• WHAT TO WORK ON:
What you return should match the data exactly, from the first line to the last.
.....
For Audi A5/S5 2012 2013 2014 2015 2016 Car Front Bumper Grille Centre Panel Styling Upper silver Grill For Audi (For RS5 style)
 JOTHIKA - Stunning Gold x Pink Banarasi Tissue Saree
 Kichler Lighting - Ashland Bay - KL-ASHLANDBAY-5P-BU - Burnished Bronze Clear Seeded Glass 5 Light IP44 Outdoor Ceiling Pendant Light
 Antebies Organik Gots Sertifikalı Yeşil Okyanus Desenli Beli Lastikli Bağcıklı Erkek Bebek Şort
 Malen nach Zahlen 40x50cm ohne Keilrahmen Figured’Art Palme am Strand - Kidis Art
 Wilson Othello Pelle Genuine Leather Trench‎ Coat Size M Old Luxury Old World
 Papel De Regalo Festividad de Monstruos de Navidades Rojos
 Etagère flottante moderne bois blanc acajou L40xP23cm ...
.....
• WRITTEN RESPONSE:
For Audi A5/S5 2012 2013 2014 2015 2016 Car Front Bumper Grille Centre Panel Styling Upper silver Grill For Audi (For RS5 style)
 JOTHIKA - Stunning Gold x Pink Banarasi Tissue Saree
 Kichler Lighting - Ashland Bay - KL-ASHLANDBAY-5P-BU - Burnished Bronze Clear Seeded Glass 5 Light IP44 Outdoor Ceiling Pendant Light
 Antebies Organik Gots Sertifikalı Yeşil Okyanus Desenli Beli Lastikli Bağcıklı Erkek Bebek Şort
 Malen nach Zahlen 40x50cm ohne Keilrahmen Figured’Art Palme am Strand - Kidis Art
 Wilson Othello Pelle Genuine Leather Trench‎ Coat Size M Old Luxury Old World
 Papel De Regalo Festividad de Monstruos de Navidades Rojos
 Etagère flottante moderne bois blanc acajou L40xP23cm ...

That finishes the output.